Meaty and Charles now stood by the head of the bed. The patient began writhing like he was demon-possessed. His eyes rolled back, flashing white under his lids, and he started frothing pink. Either he’d bit his own tongue while seizing, or he was having some sort of sudden left-sided heart failure. I looked over to Charles for guidance, who firmly shook his head.
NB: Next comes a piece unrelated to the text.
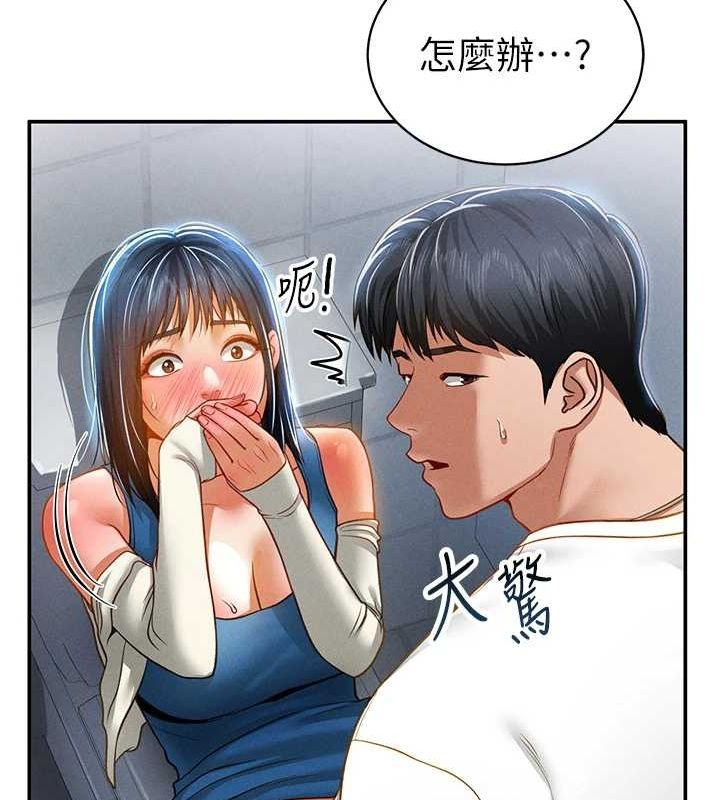 私密视角第21話-灌爆我吧&hellip;&hearts;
The prayers rose to a fevered pitch as the blood drained in. I’d never seen blood given so fast—usually you had to watch for reactions, rejection, clotting issues. He definitely was reacting, his whole body thrashing, threatening to tip the whole bed frame over, but I had no clue what it meant. The bags emptied one by one, their pumps hissing to a stop before beeping complaints as the prayers rose in volume and were almost shouted, then—
Silence. Complete. Eerie. The only sound was the ragged breathing of the man on the bed. He spasmed again, sending the bed frame skittering sideways on the floor, locked wheels and all, before coming to a rest. Then the prayer leader drew a knife out from his breast pocket.